An alternative to wired networks is a wireless network that is configured to support similar data communications but in a more accommodating manner. Here, the user of a portable device will be free to move around a region that is supported by the wireless network. A well known example of a wireless network is a cellular telephone network. Indeed, in the past, cellular telephone modems have proven popular for use with portable laptop computers and other like devices, despite their relatively low bandwidth.
In the future it is expected that higher bandwidth wireless networks will become more popular, especially in creating metropolitan area networks (MANs) in which users, i.e., subscribers, have the ability to freely move their portable communicating devices around within a coverage area. Many conventional wireless communication systems and networks tend to use omni-directional antennas to transmit and receive data packets, for example, from a router to a subscriber's device. Being omni-directional, however, such transmissions may interfere with or otherwise restrict the use of other communicating devices that operate in the same frequency band.
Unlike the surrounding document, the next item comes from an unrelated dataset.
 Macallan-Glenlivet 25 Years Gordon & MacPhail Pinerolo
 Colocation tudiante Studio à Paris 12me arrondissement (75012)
Recent improvements to the wireless network sector include the use of smart antennas that are capable of transmitting directed beams to one or more receiving devices (e.g., client devices). One example of a smart antenna based wireless network can be seen in the improved packet switched wireless data communication system described in U.S. Pat. No. 6,611,231, issued Aug. 26, 2003 and titled “Wireless Packet Switched Communication Systems And Networks Using Adaptively Steered Antenna Arrays”. Here, for example, a base station (e.g., access point) includes a phased array antenna panel that is configured to transmit a main beam to a client device. The main beam may also have one or more side-lobes as is well understood in the art. The smart antenna in this example may also be configured to receive signals transmitted from the client device.
The above exemplary wireless communication system can be adapted for various different types of communication protocols and/or standards. Currently, a very popular form of wireless communication includes the IEEE 802.11 family of protocols/standards. As currently implemented, these protocols/standards require the receiving device to associate with an access point during initialization, and/or when otherwise deemed necessary. The association process essentially establishes the communication link by having the receiving device detect the presence of available access points, determine which access point is probably the best candidate, attempt to associate with this “best candidate”, and if accepted by the best candidate access point, then communicate with that access point. If the receiving device is mobile and subsequently moves out of the coverage area of the access point to which it is associated, then there are provisions in the protocols/standards for the receiving device to attempt to associate with another available access point. This type of re-association process tends to work well for access points that utilize conventional omni-directional or broad beam antennas. However, for wireless communication systems that use smart antennas that produce significantly more narrow and directed beams, the receiving device may not always be able to determine when it should switch its association from one beam to another beam. One potential reason for this is that the receiving device may have moved into an area that is covered by a side lobe of the main intended beam. While the receiving device and access point may be able to continue to communicate via a side lobe in certain situations, it will usually be more preferable for the receiving device to re-associate with another intended main beam that provides coverage to the new location of the receiving device. Indeed, in certain situations, there may be a regulatory need for the receiving device to re-associate with a different intended main beam. For example, under certain regulatory schemes, the narrower point-to-point main beam from a smart antenna arrangement can be transmitted with significantly greater power than would be allowed for a point-to-multipoint omni-directional antenna arrangement.
Consequently, there is a need to for methods and apparatuses that will effectively cause a receiving device to switch beam association within a smart antenna based wireless communication system at selected times.